Reworked Default Image Page
Thoroughly described in Updates, AI scrapers, and Resilience, we replaced the default view for single object image pages. While the default view was previously built around the IIIF viewer Mirador, the new default view uses OpenLayers and the unmediated image file for capabilities such as zooming. The new view also brings with it some new features, such as an option to reference specific sections of an image.

Serving Resource-Intensive Pages / Functionalities Only When Resources Are Available
PDF generation, the IIIF Image API, and the suggestions for alternative search queries on failed search pages are now limited to reduce their impact on the overall system stability. This follows two strategies:
- Suggestions on failed search pages and PDF generation will only appear if the overall load on the system is low. The threshold for when or when they are not provided is influenced by the user’s browser language: If a user uses a browser set to the primary language of a given instance of museum-digital (e.g. German in Hesse, Hungarian in Budapest), the threshold is much higher, meaning users will be able to access the pages at a medium server load. In the case of PDFs, high server load will forward users to the print dialogue for object pages instead of receiving a PDF generated on the server side.
- PDF generation and the IIIF Image API are served with a different PHP configuration and set of processes than the rest of the frontend.
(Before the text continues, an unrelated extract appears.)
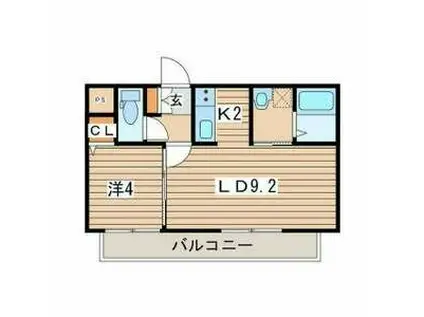 RS中の島(1LDK/3階)の間取り写真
This configuration significantly reduces available resources for these two functionalities.
- The option to generate PDFs featuring all images of an object with between 10 and 40 images has been entirely removed. Given its constraints, the feature was hard to explain and rarely accessible anyway. The primary “users” were noticeably AI scrapers.
Image Search
The image search feature was refactored and reduced to further separate it from the primary object search. The number of available search options has been reduced to be more easily explainable and reduce possibilities for very resource-intensive queries.

Batch Export of Object Metadata / OAI
Updated the LIDO API to almost entirely match the LIDO as generated during exports from musdb
Smaller Updates and Bugfixes
- Improved performance of object search by tags and places by filtering searched entities to those who are actually linked in the given instance of museum-digital.
- Object groups with only one object are henceforth not displayed and linked on object pages anymore
- Fixed link in footer: Clicking on “museum-digital” should lead to the home / start page of the given instance of musdb.
- Updated Swagger UI to version 5.30.3
nodac
- User-provided comments / hints have been removed for times (see above)
- Tooltips for linked objects now display which institution an object belongs to
- This is particularly important for vocabulary editors who do not have access to the museums’ data. This way they get a limited preview with the required information for unpublished objects despite their otherwise lacking permissions.